U.S. prosecutors stepped up the pressure on Bernard Madoff's family on Tuesday, signaling their intent to ask for $31.5 million from loans to his sons and $2.6 million worth of his wife's jewelry.
Documents filed in U.S. District Court in Manhattan follow a government notice of intent to seek forfeiture this week after Madoff pleaded guilty on March 12 to running the biggest investment fraud in Wall Street history, involving as much as $65 billion over 20 years.
Madoff is the only person charged in the fraud surrounding the family-run business, Bernard L. Madoff Investment Securities LLC, in New York.
Tuesday's notice said that any and all ownership interest held in the name of Ruth Madoff or Bernard Madoff in 20 entities or their subsidiaries is subject to forfeiture.
The notice listed various pieces of jewelry owned or held in the name of Ruth Madoff valued at approximately $2,624,340, and approximately 35 sets of watches and cufflinks owned by Bernard Madoff.
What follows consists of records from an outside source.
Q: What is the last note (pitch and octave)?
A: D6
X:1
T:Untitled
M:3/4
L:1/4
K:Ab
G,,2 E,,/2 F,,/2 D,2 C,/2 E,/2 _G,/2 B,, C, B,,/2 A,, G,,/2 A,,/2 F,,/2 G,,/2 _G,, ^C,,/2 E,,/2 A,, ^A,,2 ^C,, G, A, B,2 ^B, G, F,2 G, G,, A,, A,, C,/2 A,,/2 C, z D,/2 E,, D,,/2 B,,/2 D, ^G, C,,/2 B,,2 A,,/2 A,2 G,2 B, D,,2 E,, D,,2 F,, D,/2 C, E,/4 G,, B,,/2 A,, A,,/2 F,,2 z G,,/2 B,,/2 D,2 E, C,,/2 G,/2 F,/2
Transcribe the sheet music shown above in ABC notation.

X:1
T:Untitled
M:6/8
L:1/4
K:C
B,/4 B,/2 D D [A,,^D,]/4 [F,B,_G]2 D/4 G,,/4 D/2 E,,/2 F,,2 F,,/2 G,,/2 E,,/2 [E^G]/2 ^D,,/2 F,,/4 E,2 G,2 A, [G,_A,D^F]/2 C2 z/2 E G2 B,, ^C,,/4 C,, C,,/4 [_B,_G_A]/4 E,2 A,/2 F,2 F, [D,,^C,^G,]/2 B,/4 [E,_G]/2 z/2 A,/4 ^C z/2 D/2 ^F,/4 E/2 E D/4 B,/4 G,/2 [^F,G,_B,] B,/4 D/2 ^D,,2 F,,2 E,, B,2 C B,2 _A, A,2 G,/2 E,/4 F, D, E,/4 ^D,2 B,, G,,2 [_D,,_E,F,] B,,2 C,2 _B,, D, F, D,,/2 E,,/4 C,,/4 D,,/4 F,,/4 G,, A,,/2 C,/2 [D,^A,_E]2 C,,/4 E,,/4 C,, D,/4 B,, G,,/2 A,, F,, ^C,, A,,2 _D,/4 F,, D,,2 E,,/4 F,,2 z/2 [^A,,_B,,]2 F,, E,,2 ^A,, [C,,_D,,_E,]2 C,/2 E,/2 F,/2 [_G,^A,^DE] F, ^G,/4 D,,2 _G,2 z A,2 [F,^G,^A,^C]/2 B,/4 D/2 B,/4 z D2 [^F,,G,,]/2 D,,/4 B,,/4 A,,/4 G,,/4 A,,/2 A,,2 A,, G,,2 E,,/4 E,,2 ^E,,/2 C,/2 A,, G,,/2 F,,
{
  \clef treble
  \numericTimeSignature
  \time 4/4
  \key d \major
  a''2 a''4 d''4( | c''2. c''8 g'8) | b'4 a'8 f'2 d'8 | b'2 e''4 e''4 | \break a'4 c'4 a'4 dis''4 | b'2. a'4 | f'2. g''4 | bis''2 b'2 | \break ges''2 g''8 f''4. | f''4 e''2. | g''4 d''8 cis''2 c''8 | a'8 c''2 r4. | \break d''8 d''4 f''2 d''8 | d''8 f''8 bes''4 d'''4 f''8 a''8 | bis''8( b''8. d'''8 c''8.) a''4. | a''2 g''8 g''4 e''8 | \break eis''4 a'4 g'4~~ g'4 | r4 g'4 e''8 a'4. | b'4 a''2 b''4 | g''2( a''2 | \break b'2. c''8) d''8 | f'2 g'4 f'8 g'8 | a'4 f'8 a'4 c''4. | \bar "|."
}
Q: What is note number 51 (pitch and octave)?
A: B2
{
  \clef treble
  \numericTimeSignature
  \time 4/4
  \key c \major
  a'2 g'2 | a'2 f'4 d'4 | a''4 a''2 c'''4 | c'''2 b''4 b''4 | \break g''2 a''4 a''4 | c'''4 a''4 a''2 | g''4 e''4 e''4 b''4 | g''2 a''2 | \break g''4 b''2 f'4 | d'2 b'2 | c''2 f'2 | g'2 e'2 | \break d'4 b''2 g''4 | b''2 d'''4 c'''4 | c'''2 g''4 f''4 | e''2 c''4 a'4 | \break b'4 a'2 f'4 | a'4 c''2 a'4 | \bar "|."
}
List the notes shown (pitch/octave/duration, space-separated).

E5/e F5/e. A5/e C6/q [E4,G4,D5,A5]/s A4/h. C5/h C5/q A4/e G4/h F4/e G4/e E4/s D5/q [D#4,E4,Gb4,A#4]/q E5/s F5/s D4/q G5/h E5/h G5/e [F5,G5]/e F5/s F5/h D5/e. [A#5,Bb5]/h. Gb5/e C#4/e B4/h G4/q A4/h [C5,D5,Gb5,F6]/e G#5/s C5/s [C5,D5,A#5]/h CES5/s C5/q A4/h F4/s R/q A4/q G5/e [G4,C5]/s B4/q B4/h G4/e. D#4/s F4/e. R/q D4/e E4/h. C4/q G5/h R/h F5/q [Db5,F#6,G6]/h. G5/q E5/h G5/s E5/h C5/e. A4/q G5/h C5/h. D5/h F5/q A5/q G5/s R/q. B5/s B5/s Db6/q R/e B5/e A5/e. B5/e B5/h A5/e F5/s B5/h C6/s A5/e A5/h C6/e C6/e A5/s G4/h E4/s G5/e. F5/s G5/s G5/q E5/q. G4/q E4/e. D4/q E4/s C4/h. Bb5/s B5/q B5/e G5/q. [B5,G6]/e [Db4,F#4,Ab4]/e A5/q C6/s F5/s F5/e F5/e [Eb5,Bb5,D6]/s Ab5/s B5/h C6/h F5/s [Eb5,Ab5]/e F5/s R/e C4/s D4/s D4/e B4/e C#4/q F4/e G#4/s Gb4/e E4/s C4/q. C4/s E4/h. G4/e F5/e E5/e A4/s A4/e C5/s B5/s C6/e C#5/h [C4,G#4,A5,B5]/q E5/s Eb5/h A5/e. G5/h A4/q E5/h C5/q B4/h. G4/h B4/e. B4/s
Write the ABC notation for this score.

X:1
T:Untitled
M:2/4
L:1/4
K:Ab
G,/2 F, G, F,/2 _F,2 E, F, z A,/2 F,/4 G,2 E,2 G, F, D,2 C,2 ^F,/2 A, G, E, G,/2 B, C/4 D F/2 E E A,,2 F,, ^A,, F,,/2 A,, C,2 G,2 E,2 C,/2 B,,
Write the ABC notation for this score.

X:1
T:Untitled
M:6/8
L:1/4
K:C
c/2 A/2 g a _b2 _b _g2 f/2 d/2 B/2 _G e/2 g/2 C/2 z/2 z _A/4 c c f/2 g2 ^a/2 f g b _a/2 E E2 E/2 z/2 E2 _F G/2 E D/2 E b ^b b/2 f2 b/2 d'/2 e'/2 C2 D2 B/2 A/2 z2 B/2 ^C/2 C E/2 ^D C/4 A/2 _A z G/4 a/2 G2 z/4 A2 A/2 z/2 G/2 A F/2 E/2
Madoff was jailed after his guilty plea and could face the rest of his life in prison when sentenced in June.
Prosecutors have said they are seeking $170 billion in forfeiture -- everything they can trace back to the fraud, but the figure has been challenged by Madoff's lawyers.
The earlier notice said that prosecutors wanted Madoff and his wife to forfeit more than $100 million worth of homes, cars, boats, securities, silverware and a piano.
The latest notice went further by saying the government sought any and all promissory notes executed by Andrew Madoff and/or Mark Madoff, Madoff's sons, as borrowers in favor of their parents. The notes are due in 2010 or 2012.
The seven loans amounted to $31.5 million dated between March 1, 2004 and October 6, 2008.
Madoff confessed to running a ponzi scheme that bilked thousands of investors. In such a scheme, early investors are paid with money from new ones.
The 70-year-old Madoff pleaded guilty to 11 criminal charges and admitted to defrauding large and small investors and charities in many countries.